Continuity: To prove that $x_0$ is continuous, pick $t \in I$ and let $\varepsilon > 0$. Since $x_n \to x_0$ in $BC(I,\R)$ there exists $n_\varepsilon \in \mathbb N$ such that $\|x_0 - x_n\|_{BC(I,\R)} < \frac{\varepsilon}{3} \quad\text{ for }\quad n\geq n_\varepsilon.$ Fix such an $n$. Since $x_n$ is continuous, there exists $\delta := \delta(n,\varepsilon) > 0$ with $|x_n(s) - x_n(t)| < \frac{\varepsilon}{3} \quad\text{ for }\quad |s-t| < \delta.$ All taken together, \begin{align*} |x_0(s) - x_0(t)| &< |x_0(s) - x_n(s)| + |x_n(s) - x_n(t)| + |x_n(t) - x_0(t)| \\ &\leq \|x_0 - x_n\|_{BC(I,\R)} + |x_n(s) - x_n(t)| + \|x_n - x_0\|_{BC(I,\R)} \\ &< \frac{\varepsilon}{3} + \frac{\varepsilon}{3} + \frac{\varepsilon}{3} = \varepsilon \quad\text{ for }\quad |s-t| < \delta.\end{align*} Hence, $x_0$ is continuous.

This shows that every Cauchy sequence $\{x_n\}_n \subset BC(I,\R)$ converges (in $BC(I,\R)$) towards an element $x_0 \in BC(I,\R)$. Thus $BC(I,\R)$ is complete. 2)

### › The space of square-summable sequences is complete

The space of square-summable (complex or real) sequences is a Banach space with respect to the norm $\|x\|_{l_2} = ( \sum_{j\geq 1} |x_j|^2)^{1/2}$.

Proof

Proof

This time we pursue the proof for complex-valued sequences (it is no different from the proof for real-valued sequences).

Pointwise convergence: Take $\{x_n\}_n$ Cauchy in $l_2$, with $x_n = (x_n(1),x_n(2), \ldots)$. Then $|x_n(j) - x_m(j)| \leq \Big( \sum_{j=1}^\infty |x_n(j) -x_m(j)|^2 \Big)^{1/2} = \|x_n-x_m\|_{l_2} \to 0 \quad\text{ as }\quad m,n \to \infty.$ Thus, for each $j \in \mathbb N$, $\{x_n(j)\}_n$ is Cauchy in $\mathbb C$, and thus convergent: $\forall\: j \in \mathbb N \quad \exists \: x_0(j) = \lim_{n \to \infty} x_n(j) \in \mathbb C.$ Let $x_0 := (x_0(1), x_0(2),\ldots)$.

Boundedness: By the above, for any $j\in \mathbb N$ there exists $n_j \in \mathbb N$ such that $|x_0(j)-x_n(j)|^2 < \frac{1}{2^j} \quad\text{ for } n \geq n_j.$ For any finite $N \in \mathbb N$, choose $n \geq \max_{1 \leq j \leq N} n_j$. Then \begin{align*} \Big(\sum_{j=1}^N |x_0(j)|^2\Big)^{1/2} &\leq \Big(\sum_{j=1}^N |x_0(j)-x_n(j)|^2\Big)^{1/2} + \Big(\sum_{j=1}^N |x_n(j)|^2\Big)^{1/2}\\ &< \Big( \sum_{j=1}^N \frac{1}{2^j} \Big)^{1/2} + \|x_n\|_{l_2} \leq 1 + \sup_{n \in \mathbb N}\|x_n\|_{l_2} < c, \end{align*} since Cauchy sequences are bounded.
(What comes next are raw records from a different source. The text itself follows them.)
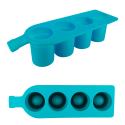 Stampo per cubetti di ghiaccio - Cheers Blu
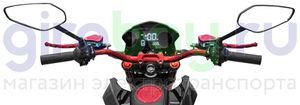 Электромотоцикл IKINGI CP8 3000W (60V/40Ah) фото №9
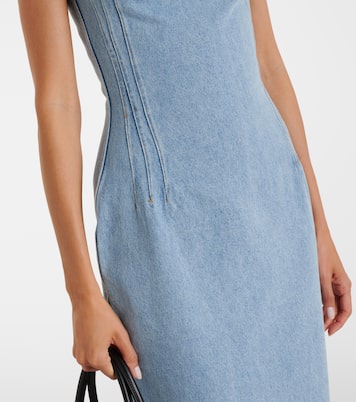 Vestido midi de denim | Magda Butrym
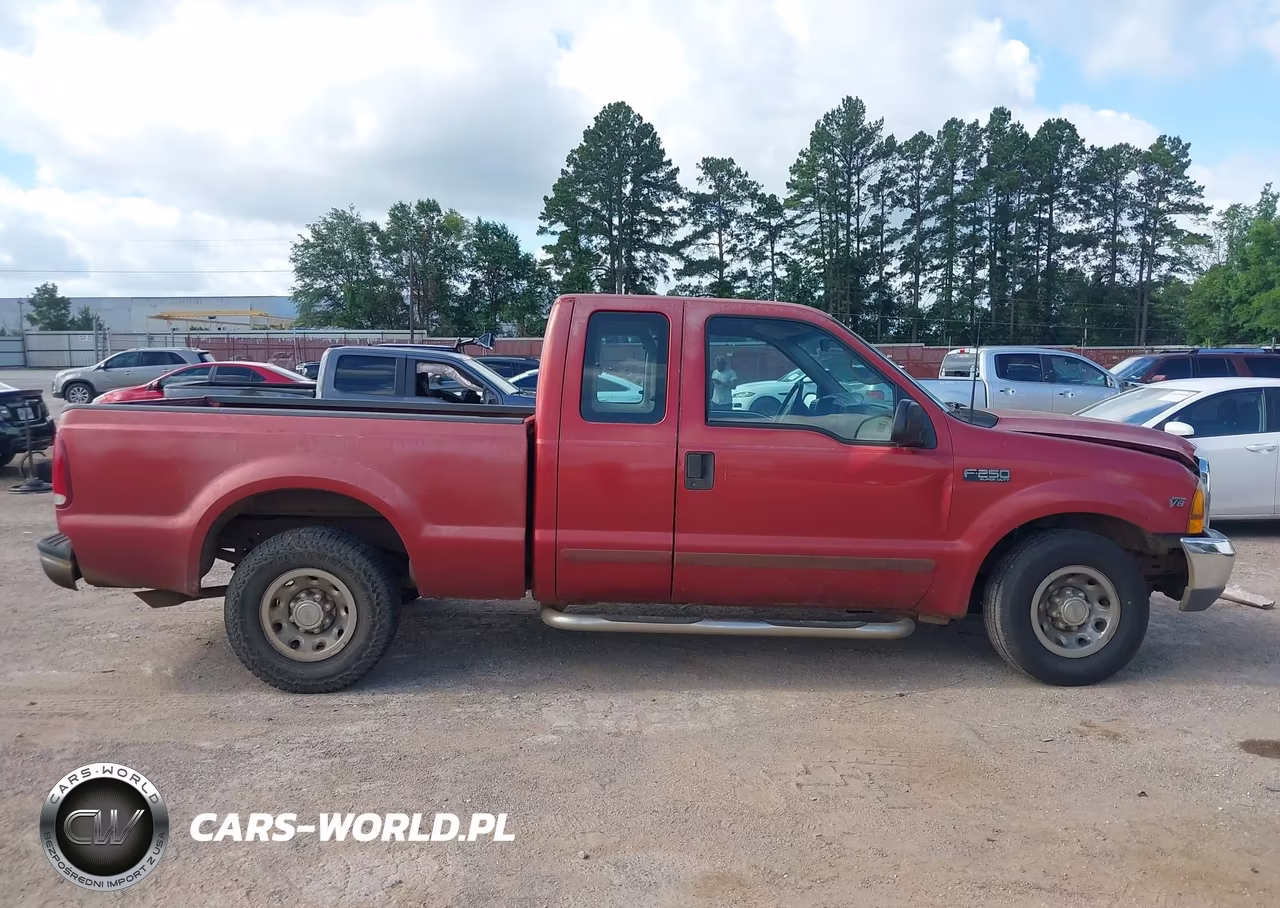 2001 Ford F-250 Lariat-Xl-Xlt VIN:1FTNX20L41EA02460 - 13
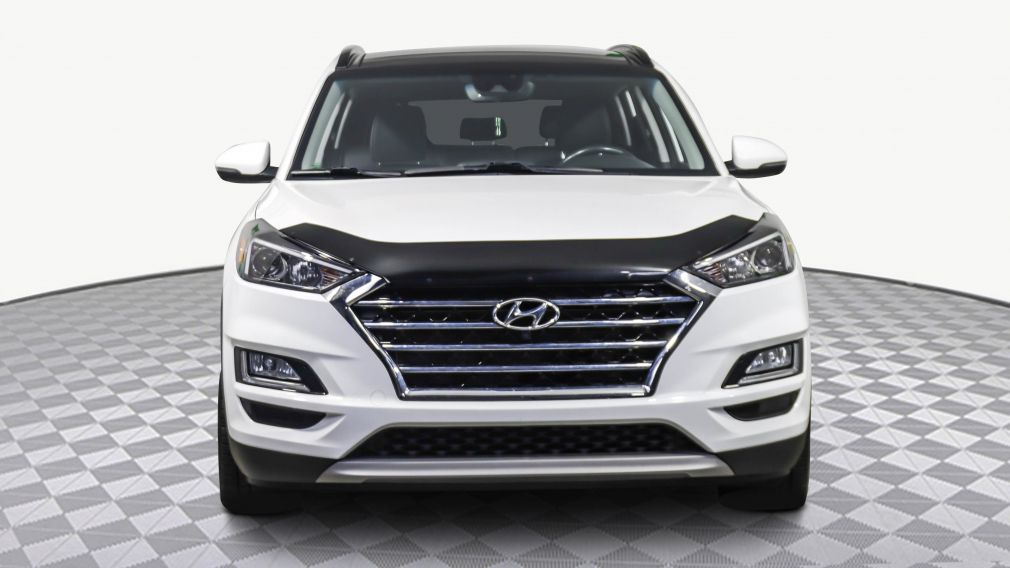 2019 Hyundai Tucson Luxury #2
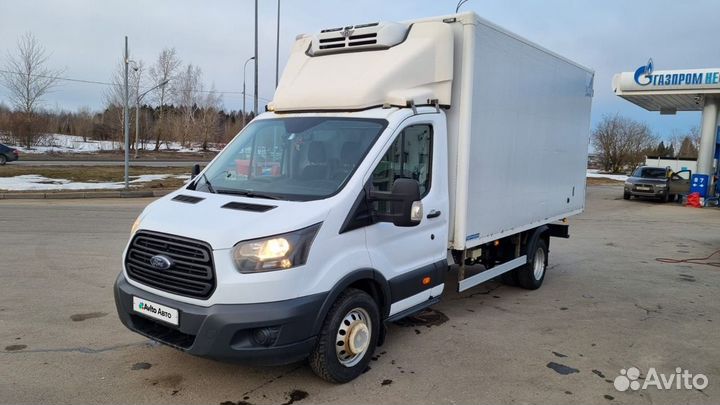 Ford Transit 2.2 МТ, 2018, 249 491 км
The right-hand side is independent of $N$, so we may now let $N \to \infty$ on the left-hand side, yielding that $\|x_0\|_{l_2} < c, \quad\text{ whence }\quad x_0 \in l_2.$

Convergence in norm: Let $\varepsilon > 0$. As above, we can find $n_j$ such that $|x_0(j)-x_m(j)|^2 < \frac{\varepsilon/2}{2^j} \quad\text{ for } m \geq n_j,$ and $\sum_{j=1}^N |x_0(j)-x_m(j)|^2 < \sum_{j=1}^N \frac{\varepsilon/2}{2^j} \leq \varepsilon/2 \quad\text{ for }\quad m \geq \max_{1 \leq j \leq N} n_j.$ Using this, \begin{align*} \Big( \sum_{j=1}^N |x_0(j) - x_n(j)|^2 \Big)^{1/2} &\leq \Big(\sum_{j=1}^N |x_0(j)-x_m(j)|^2\Big)^{1/2} + \Big(\sum_{j=1}^N |x_m(j) - x_n(j)|^2\Big)^{1/2}\leq \varepsilon/2 + \|x_n - x_m \|_{l_2}. \end{align*} Since $\{x_n\}_n$ is Cauchy in $l_2$ there exists $n_\varepsilon \in \mathbb N$ such that $\|x_n - x_m \|_{l_2} < \varepsilon/2 \quad\text{ for }\quad m,n \geq n_\varepsilon.$ Select $m$ such that this holds (for example, $m \geq n_\varepsilon + \max_{1 \leq j \leq N} n_j$). Then $\left(\sum_{j=1}^N |x_0(j) - x_n(j)|^2\right)^{1/2} < \varepsilon \quad\text{ for }\quad n \geq n_\varepsilon.$ Since $n_\varepsilon$ does not depend on $N$, we may let $N \to \infty$, to obtain that $\|x_0-x_n\|_{l_2} < \varepsilon \quad\text{ for }\quad n \geq n_\varepsilon.$ Hence, $x_n \stackrel{\text{in } l_2}{\to} x_0$, and $l_2$ is complete.

1)
The exponential function $t\mapsto e^t$ is often expressed as $\mathrm{exp}$ to separate it from the real number $e = \exp(1)$.
2)
The same proof can be used to show that the space of bounded and uniformly continuous functions $BUC(I,\R)$ is complete. Since on compact sets continuous functions are uniformly continuous, $BUC([a,b],\R) = BC([a,b],\R)$ for any closed and bounded interval $[a,b] \subset \R$.